Philadelphia, Pennsylvania – (StockNewsDesk) – 11/03/2014 — After a steep decline in the first two weeks of October with the S&P 500 falling nearly 10% from peak to trough, the major averages have furiously rallied back to new all-time highs . This has come about despite some of the catalysts for the correction, such as fears about the weakness in the global economy, the Fed’s marginal tightening of monetary policy, Ebola panic, and the conflict with ISIS, not really being resolved at all.
Republican Wave Boosting Stocks
One of the main catalysts for the market’s surge, despite the gloomy news, has been the growing strength in polls for Republican candidates. Earlier this year, a strong Republican year was expected; however, the potential size of the victory is eclipsing the hopes of even the biggest optimists.One of the reasons pundits expected Republicans to outperform was that many Democratic senators were elected in 2008 with the tailwind of President Obama’s popularity. This tailwind has become a powerful headwind as Obama’s approval ratings have slipped to historical lows, and these same senators are now up for reelection. Further, Republican voters tend to be older and are more likely to vote in midterm elections, compared to the younger, Democratic voters who only vote in presidential elections.
Gridlock in DC
It now seems likely that Republicans will take control of the Senate and add to their total in the House of Representatives, giving Washington DC a true gridlock for the next two years. Statistical analysts rate this possibility at a 65 – 85% chance, based on polling data, and it continues to inch higher, day by day.

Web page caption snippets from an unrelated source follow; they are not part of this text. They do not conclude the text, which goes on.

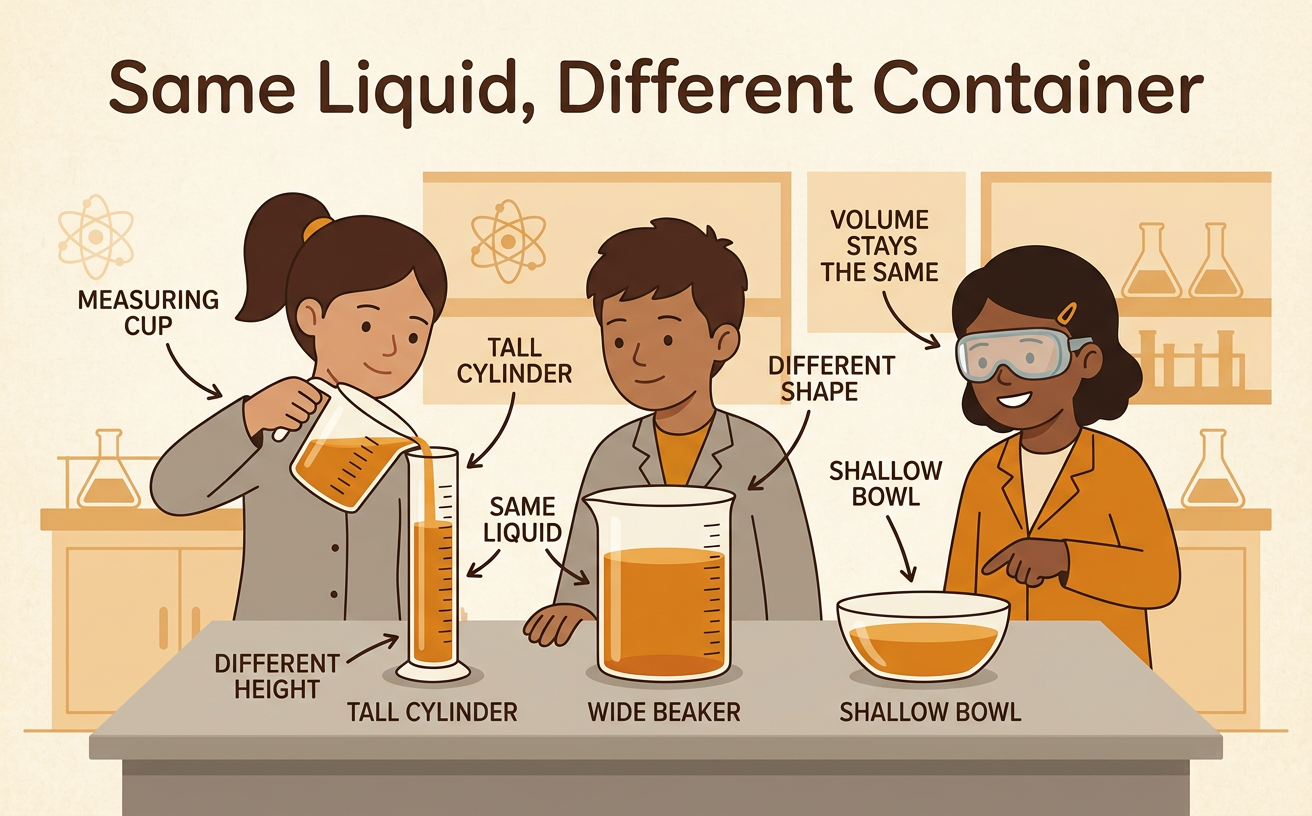 Same Liquid, Different Container
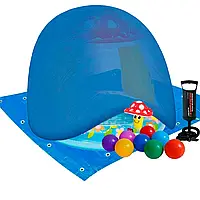 Детский надувной бассейн детские бассейны Intex интекс с шариками 10 шт, тентом, подстилкой, насосом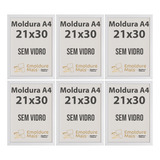 Kit 6 Molduras A4 21x30 S Vidro Certificados Diploma Branco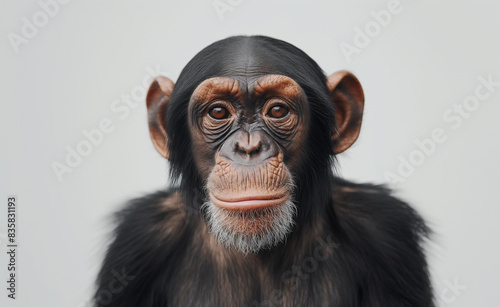 Close-up of a young chimpanzee with dark fur and expressive eyes, looking directly at the camera with a thoughtful expression. © Curioso.Photography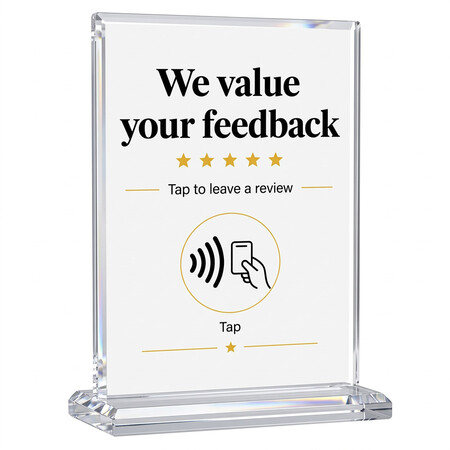 Clear rectangular acrylic NFC display stand with a tap-to-review design and transparent slot-in base.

Historically, stocks perform their best under this specific arrangement – an executive branch headed by a Democrat, and a legislative branch headed by Republicans. Gridlock basically ties the hands of both parties, forcing them to shelve the most ambitious parts of their agenda. It compels them to work together; often good things come out of such compromises, and not partisan driven agendas.
Further, Republicans are expected to roll back some of the most ambitious parts of Obama’s agenda, in health-care policy and environmental regulation. President Obama ignored these criticisms from Republicans while Democrats kept control of the Senate, since Republicans would not be able to pass any real legislation. Now, he will be forced to address their concerns via his veto pen or through negotiations.
Coal Stocks Are Biggest Beneficiaries
Republicans aggressively campaigned on the new stringent environmental regulations, and the new Senate Majority Leader, Mitch McConnell has made protecting the coal industry a centerpiece of his campaign. Thus, in the last two weeks, with Republican control becoming a certainty, coal stocks have been one of the biggest gainers in the market.
Due to new environmental regulations that have prompted many coal-fired plants to switch to natural gas, coal demand is decreasing and many coal producers have filed for bankruptcy, while others are perilously close. Many coal stocks’ prices are down over 90% since 2008, and 75% since 2011, when many of the regulations went into effect. In the past two weeks with a Republican takeover looking imminent, some of these stocks were up close to75%. The same phenomenon was witnessed in the lead-up to the 2012 election, when any surge in the polls for Mitt Romney led to massive gains in coal stocks.
Overall, the Republican takeover of the Senate is the primary reason behind the market’s climb higher in recent days. Certain areas of the market could see weakness, such as alternative energy stocks and healthcare IT stocks, which have benefited from the implementation of Obamacare. While others, such as energy and medical device companies, could continue moving higher, as Republicans repeal regulations on emissions and drilling and Obamacare taxes on medical device companies.